Vor fast zwei Monaten wurde der damalige "Bild"-Chefredakteur Julian Reichelt geschasst, weil er Beziehungen zu Mitarbeiterinnen unterhalten hat. Nun hat er sich zum ersten Mal in einem Interview zu Wort gemeldet. Im Gespräch mit der "Zeit" äußerte er sein Unverständnis über seinen Rauswurf und zeigte sich enttäuscht über Medienmanager Mathias Döpfner, Chef des Axel-Springer-Konzerns, zu dem die "Bild" gehört.

Bereits im Frühjahr hatte das Medienhaus das interne Verfahren gegen Reichelt angestoßen. Nach Springer-Angaben standen im Kern der Untersuchung die Vorwürfe des Machtmissbrauchs im Zusammenhang mit einvernehmlichen Beziehungen zu Mitarbeiterinnen sowie Drogenkonsum am Arbeitsplatz. Der Konzern kam zum Schluss, dass Reichelt eine zweite Chance bekommen sollte.

Mitte Oktober hatte Springer Reichelt von seinen Aufgaben entbunden. Der Konzern hatte das Ende der Zusammenarbeit so begründet: "Als Folge von Presserecherchen hatte das Unternehmen in den letzten Tagen neue Erkenntnisse über das aktuelle Verhalten von Julian Reichelt gewonnen. Diesen Informationen ist das Unternehmen nachgegangen.

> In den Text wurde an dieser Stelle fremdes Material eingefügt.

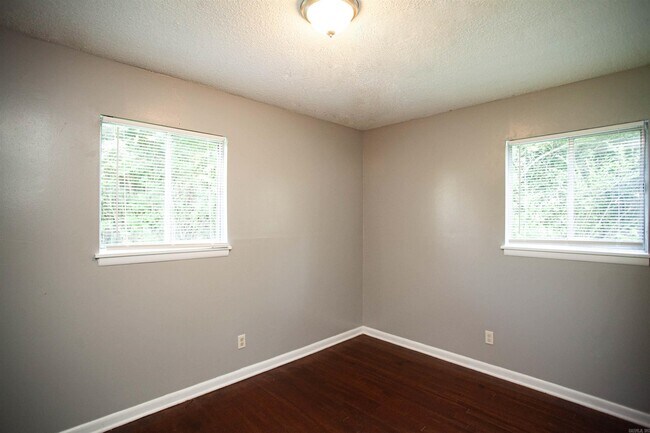 Building Photo - 8615 Winston Dr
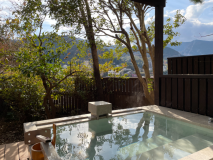 箱根外輪山を望む露天風呂付和洋室(70㎡)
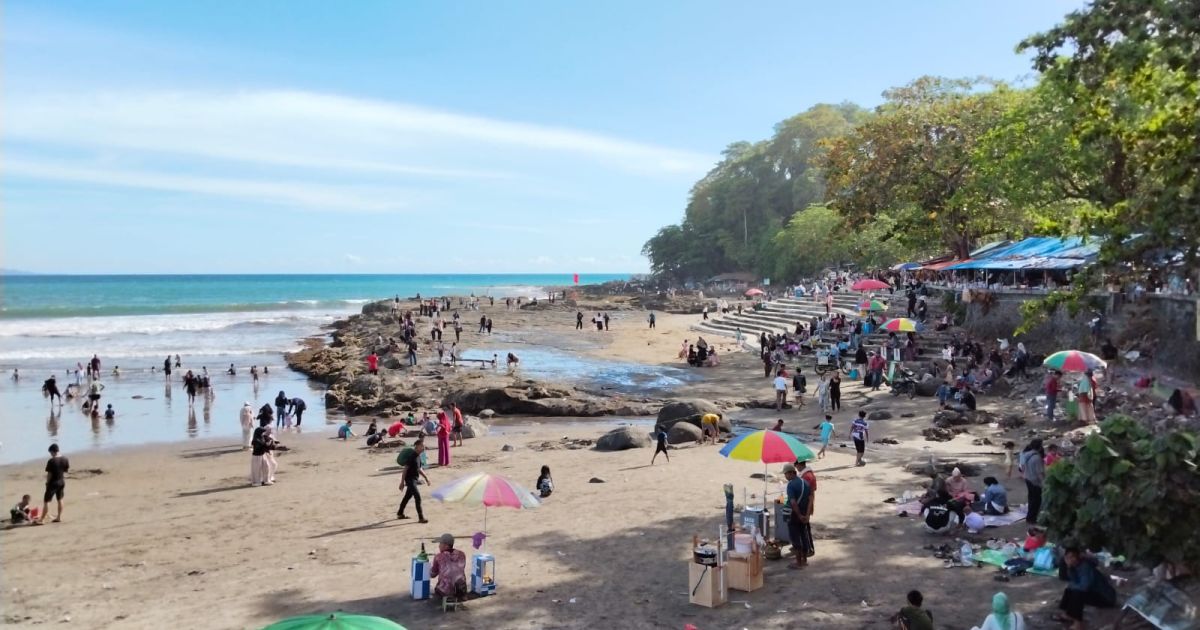 Wisatawan Membludak di Karang Hawu H+1 Lebaran.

Dabei hat der Vorstand erfahren, dass Julian Reichelt auch nach Abschluss des Compliance-Verfahrens im Frühjahr 2021 Privates und Berufliches nicht klar getrennt und dem Vorstand darüber die Unwahrheit gesagt hat."

"Hat es mich überrascht, wie überrascht er gewesen sein will"

Diesen Vorwurf will Reichelt im "Zeit"-Interview nun nicht so stehen lassen: Er sagte, Döpfner habe über eine Beziehung Reichelts Bescheid gewusst. "Deswegen hat es mich sehr überrascht, wie überrascht er gewesen sein will. Man hat mich unterm Strich wegen meiner Beziehung rausgeworfen."

Auf die Frage, ob er seinen Rauswurf habe kommen sehen, sagte Reichelt: "Nein, ich war im Urlaub, stand am Autozug nach Sylt, als der Anruf von Mathias auf dem Handy kam. Nach zwanzig Jahren loyaler Arbeit, zehn davon in Kriegsgebieten, wurde ich in zwanzig Minuten am Telefon entsorgt."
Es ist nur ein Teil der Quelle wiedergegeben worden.